** RECORDS FOR THE TASK follows **
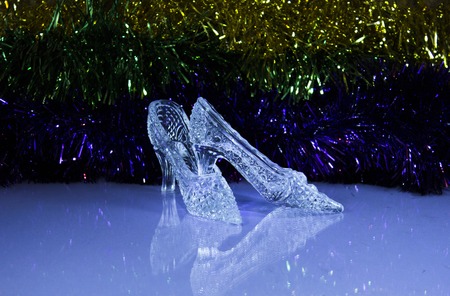 New Year shoes of Cinderella on the tinsel, as babackgroundの写真素材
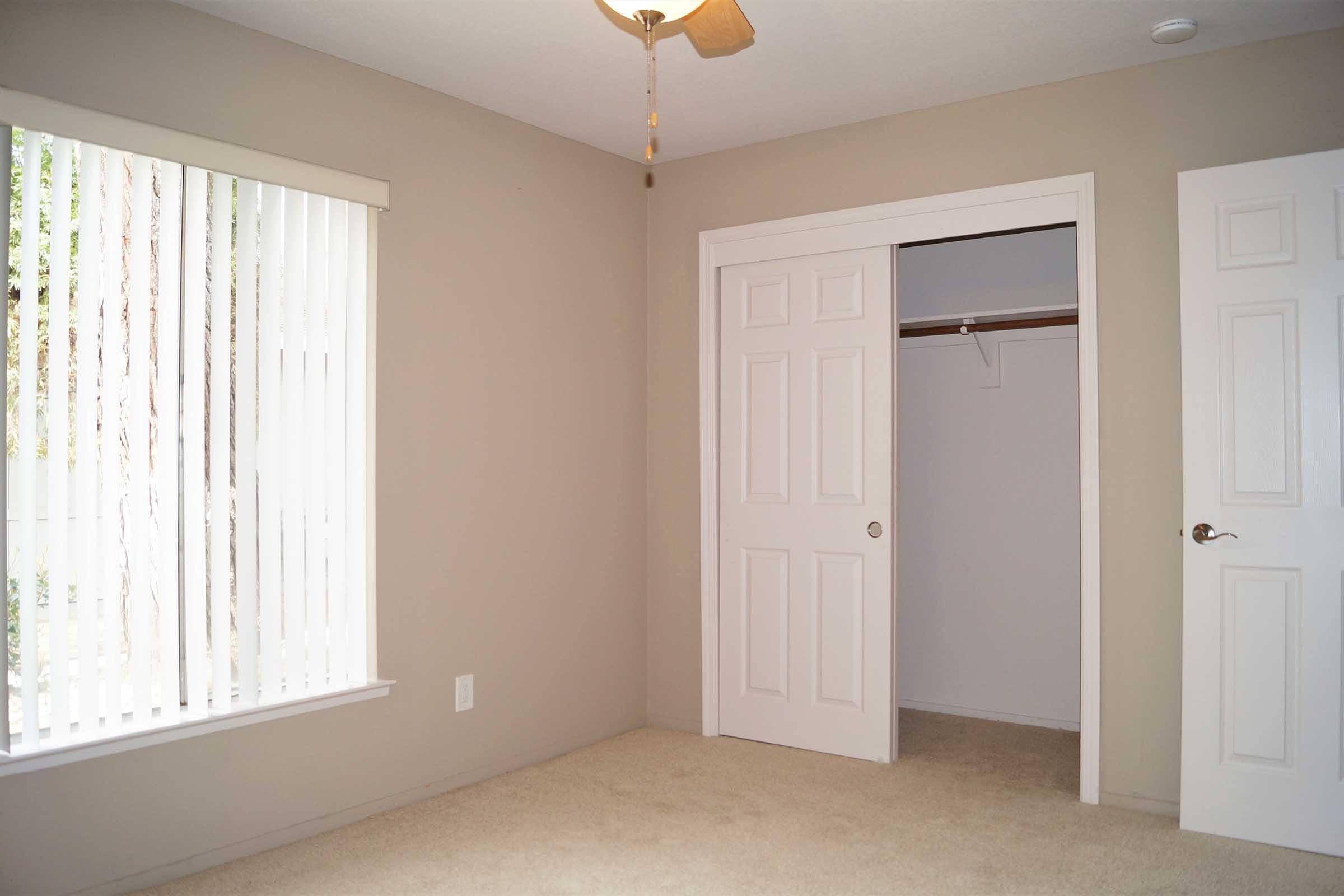 Empty room with beige walls and carpet. A window with vertical blinds allows natural light to enter. There is a ceiling fan and a closet with a white door slightly open. The overall atmosphere is clean and simple, suitable for a bedroom or office space.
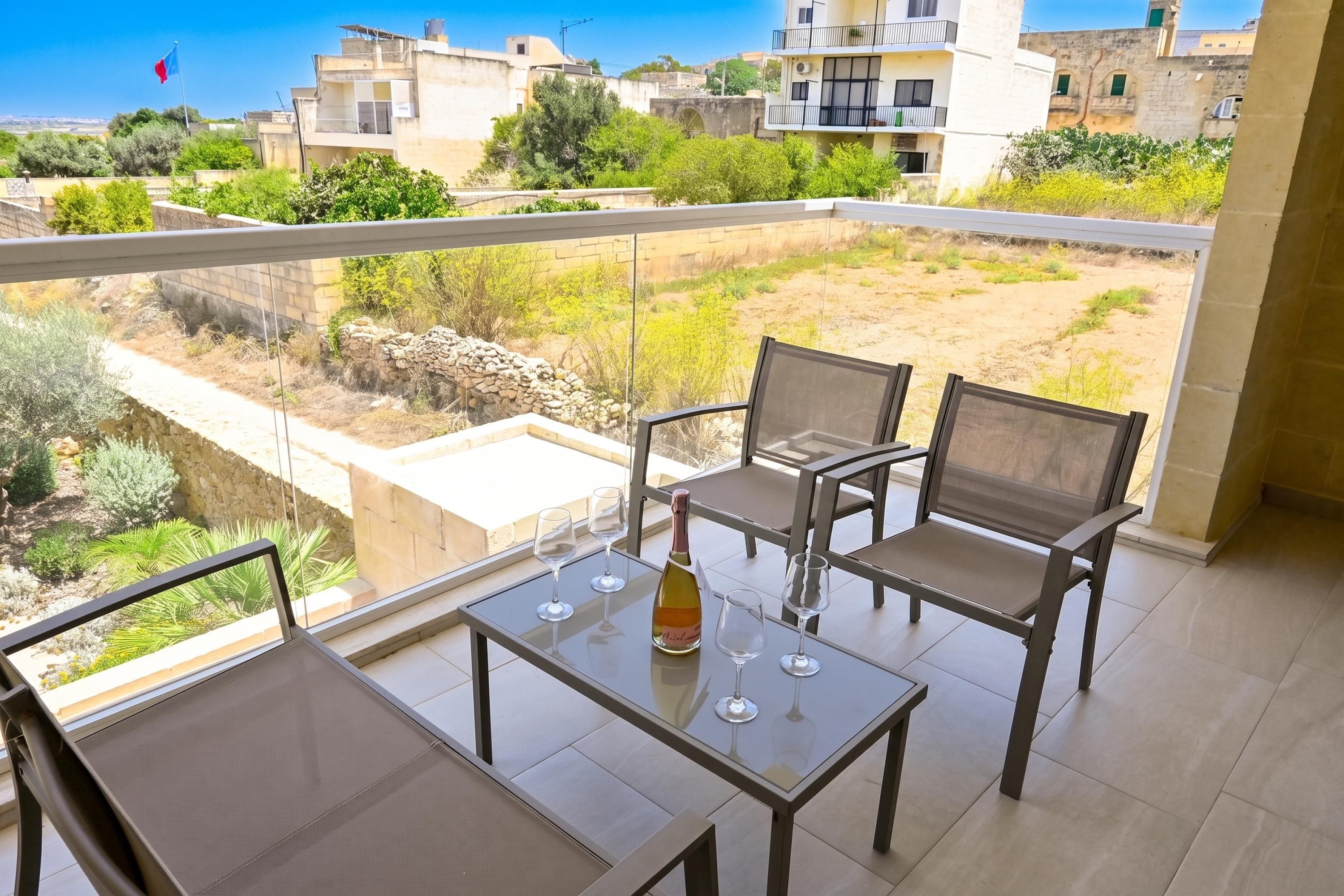 A balcony with a table and chairs, a bottle of wine, and a view of the surrounding buildings and landscape.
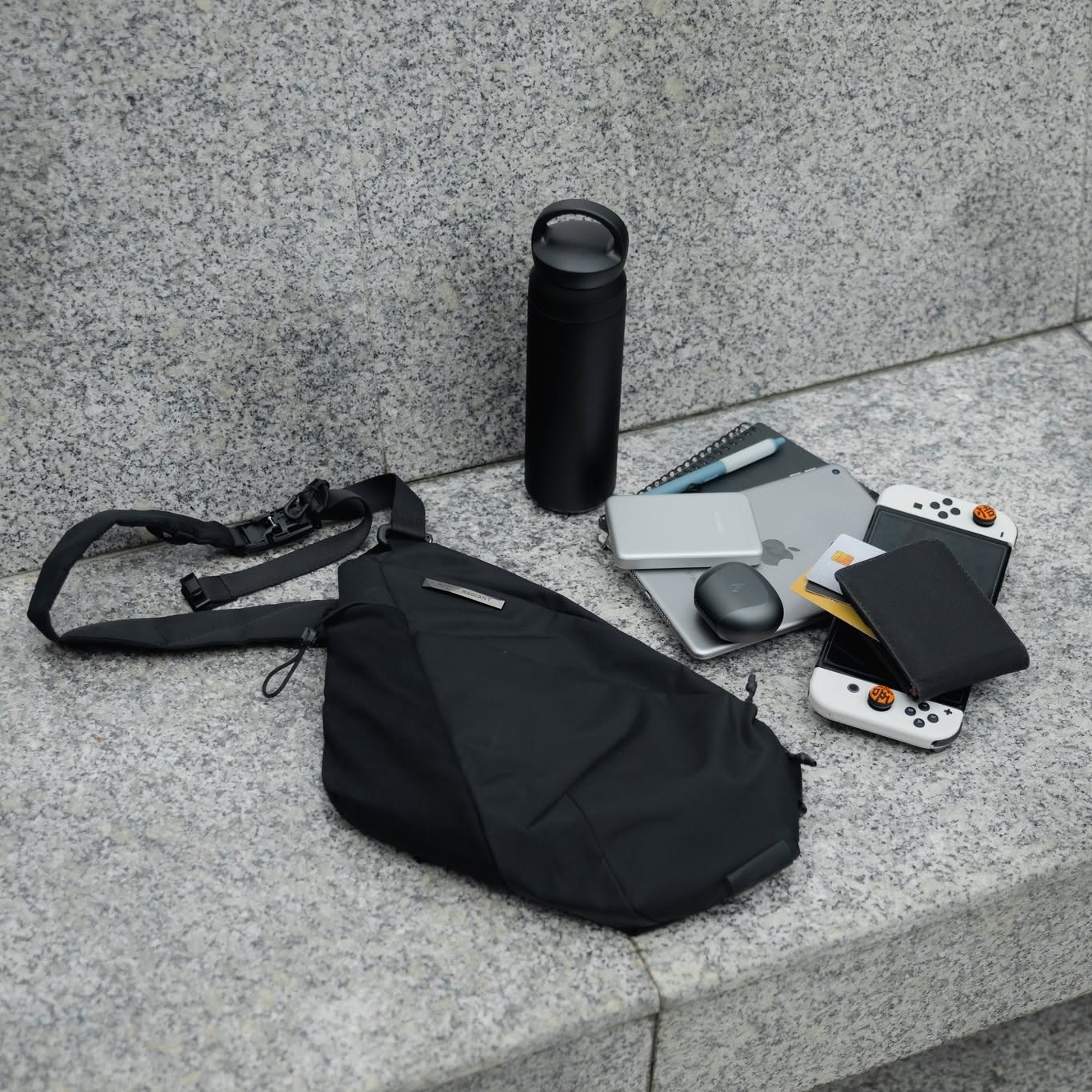 NIID FINO V F5 techwear sling bag showcased with everyday carry tech gear including a tablet, portable console, water bottle, and wireless earbuds, highlighting its premium organization for urban professionals and digital nomads.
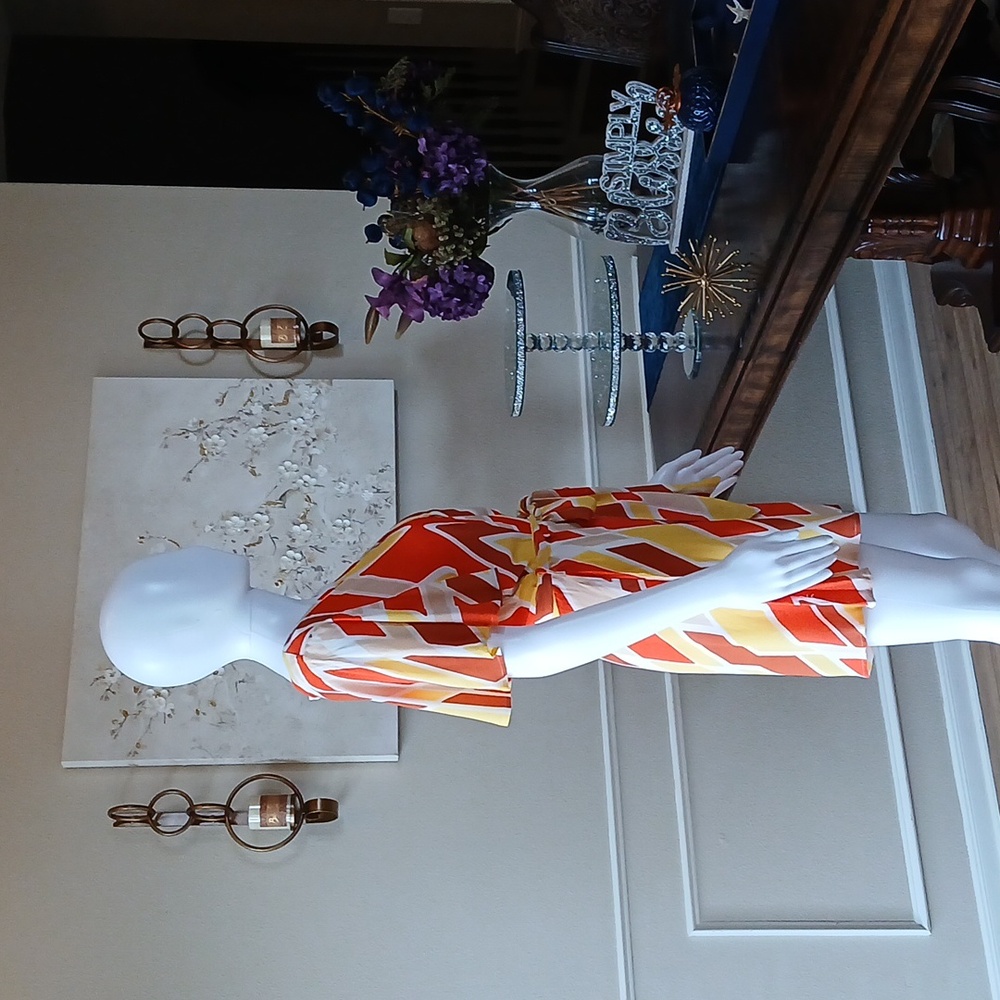 New Vibrant Orange and Yellow Patterned Wrap Mini Rorper. Size L - Picture 13 of 17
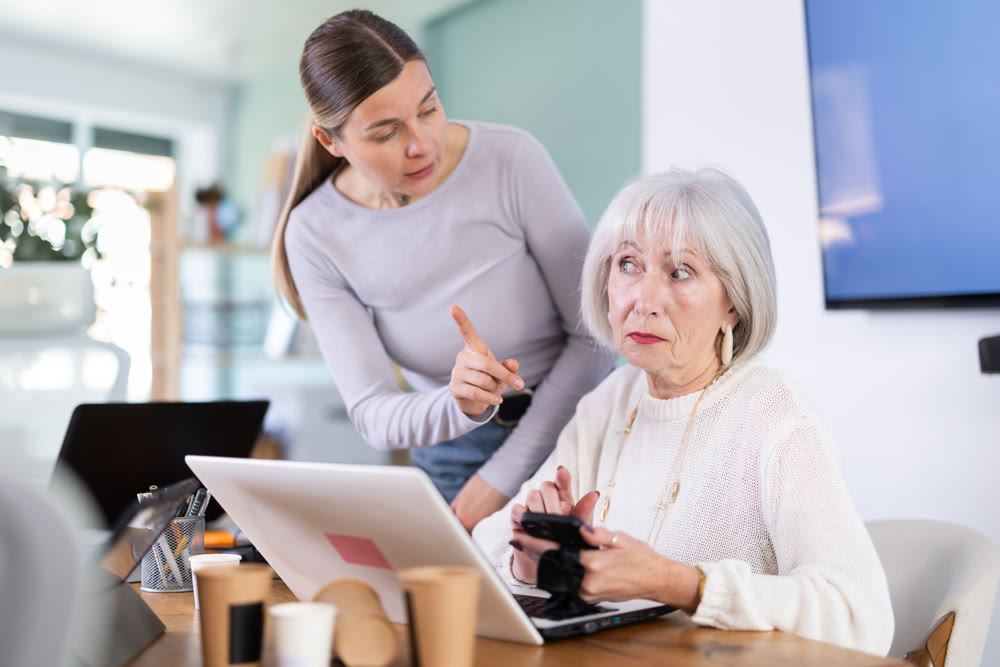 Businesswoman complains to mature employee about her talking on her mobile phone while working in office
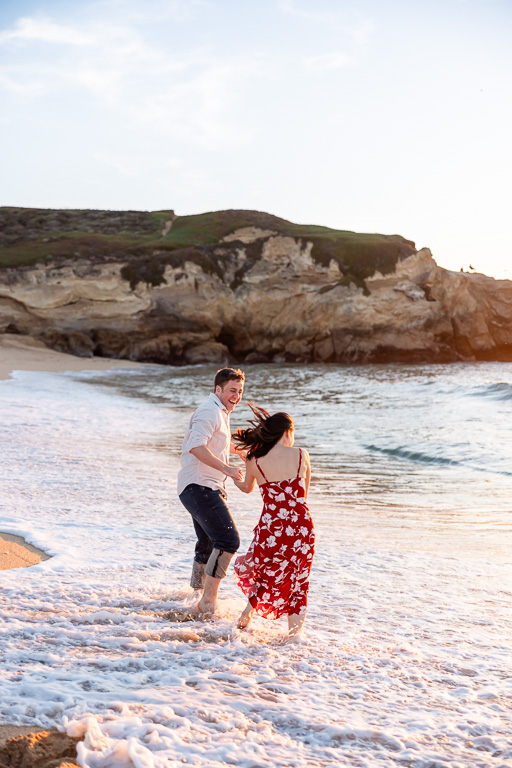 playfully romping in the ocean for engagement photos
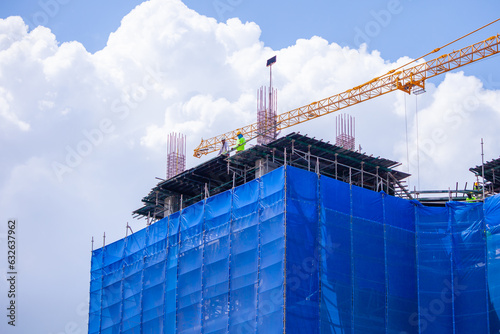 A blue slan surrounds the building under construction. Crane. Crane for lifting things in construction against sunset sky atmosphere. communities and large industrial construction zones.	 photo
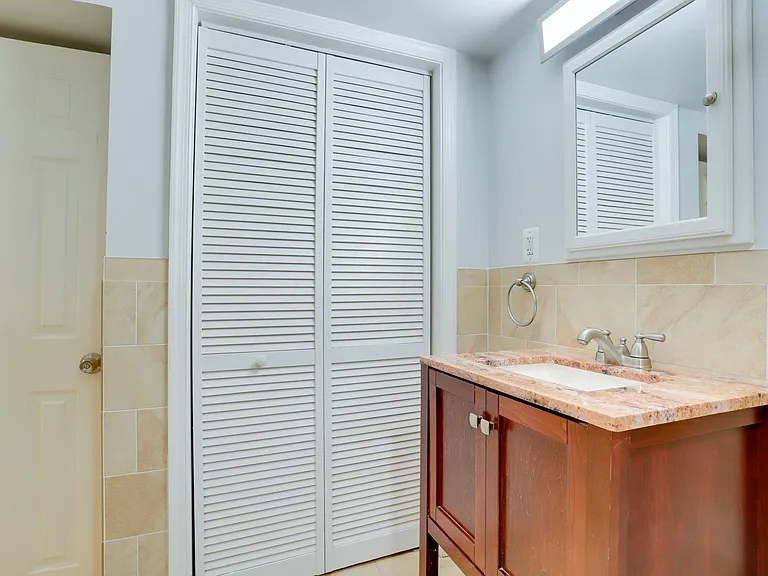 Closet in basement bathroom
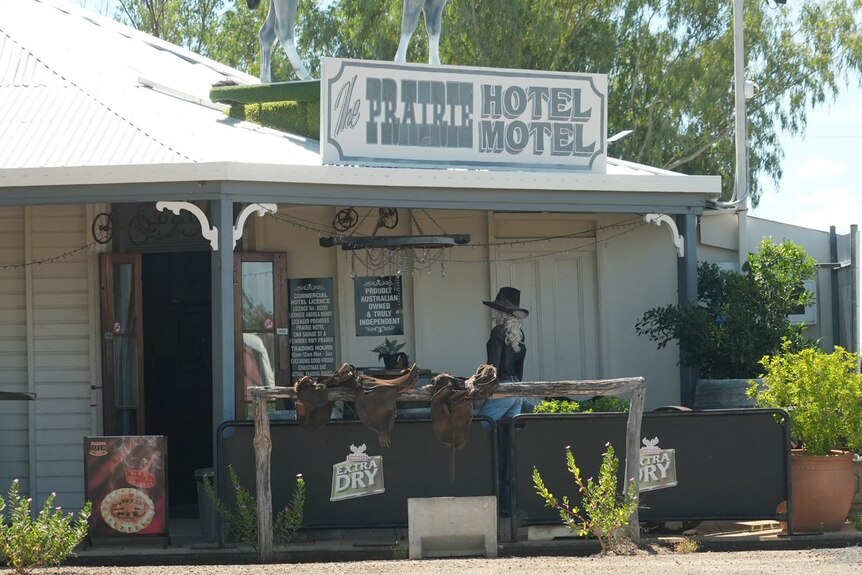 An Queenslander style outback pub with a sign which reads 'The Prairie Hotel Motel'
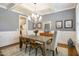 Gray dining room featuring a modern chandelier, wainscoting, and stylish decor at 2601 Brookstone Ridge, Raleigh, NC 27613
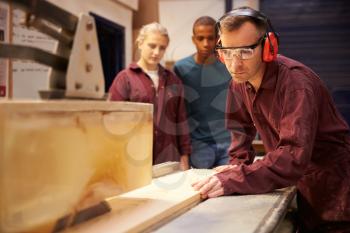 Carpenter With Apprentices Using Circular Saw In Workshop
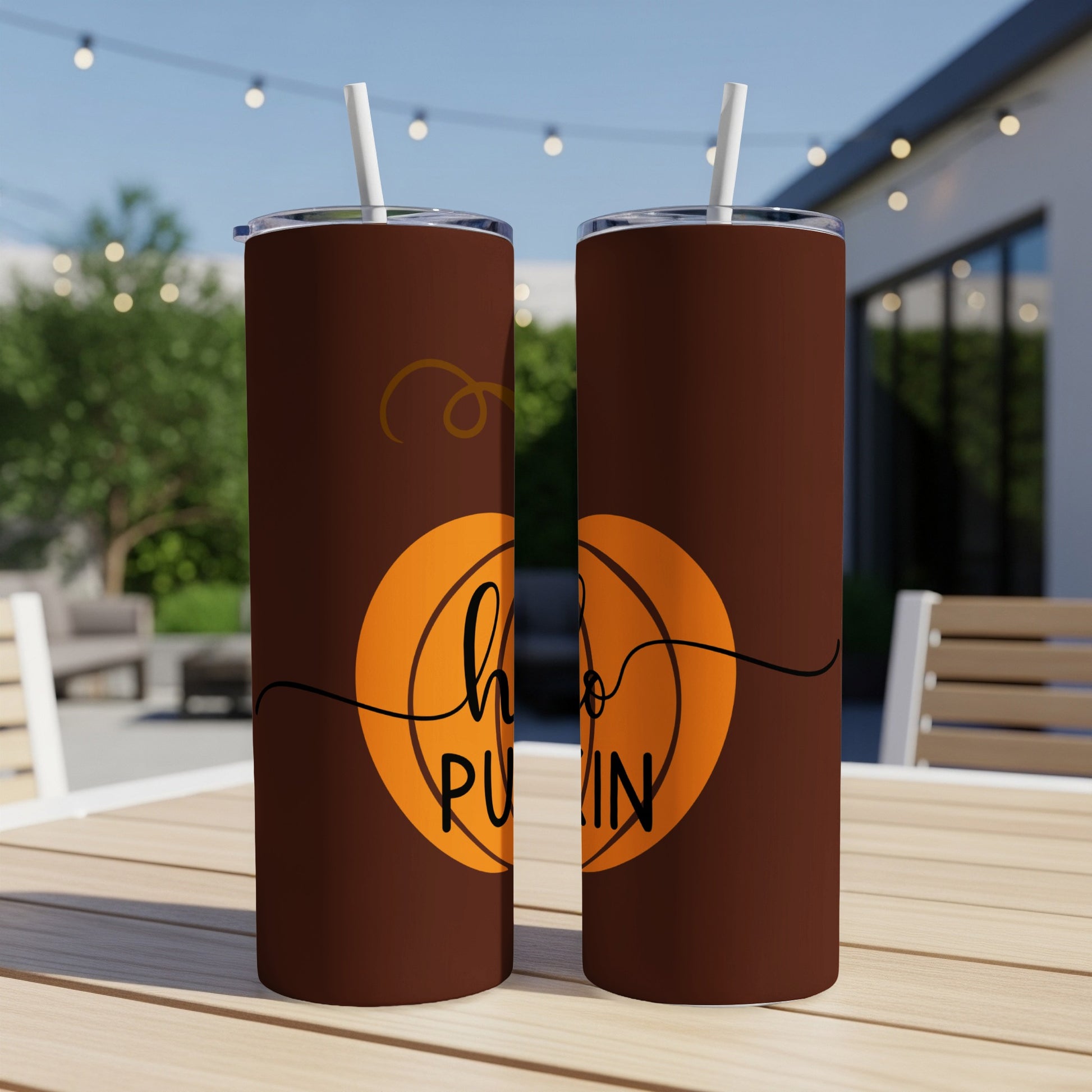 Brown tumbler with "hello pumpkin" graphic, two straws, on outdoor table.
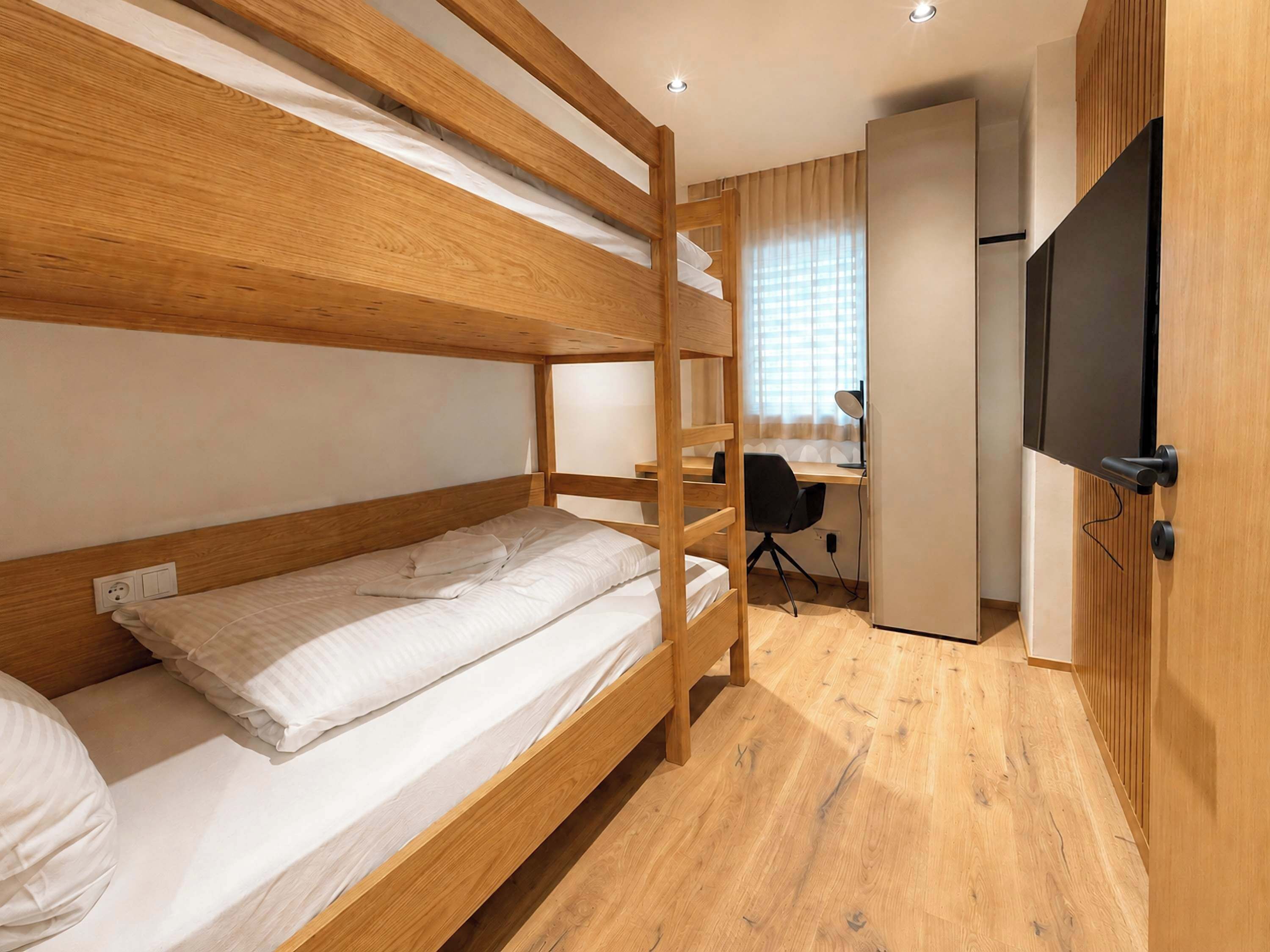 Ein Stockbett mit Schreibtisch und Stuhl, einem Fernseher und einer Steckdose in einem Zimmer mit Holzboden und einem Fenster mit Jalousien.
** End of RECORDS FOR THE TASK **
Range to copy from the records above: the line containing "A blue slan" to the line containing "Brown tumbler with", both included. Output those lines exactly and only those, skipping pictures.

 A blue slan surrounds the building under construction. Crane. Crane for lifting things in construction against sunset sky atmosphere. communities and large industrial construction zones.	 photo
 Closet in basement bathroom
 An Queenslander style outback pub with a sign which reads 'The Prairie Hotel Motel'
 Gray dining room featuring a modern chandelier, wainscoting, and stylish decor at 2601 Brookstone Ridge, Raleigh, NC 27613
 Carpenter With Apprentices Using Circular Saw In Workshop
 Brown tumbler with "hello pumpkin" graphic, two straws, on outdoor table.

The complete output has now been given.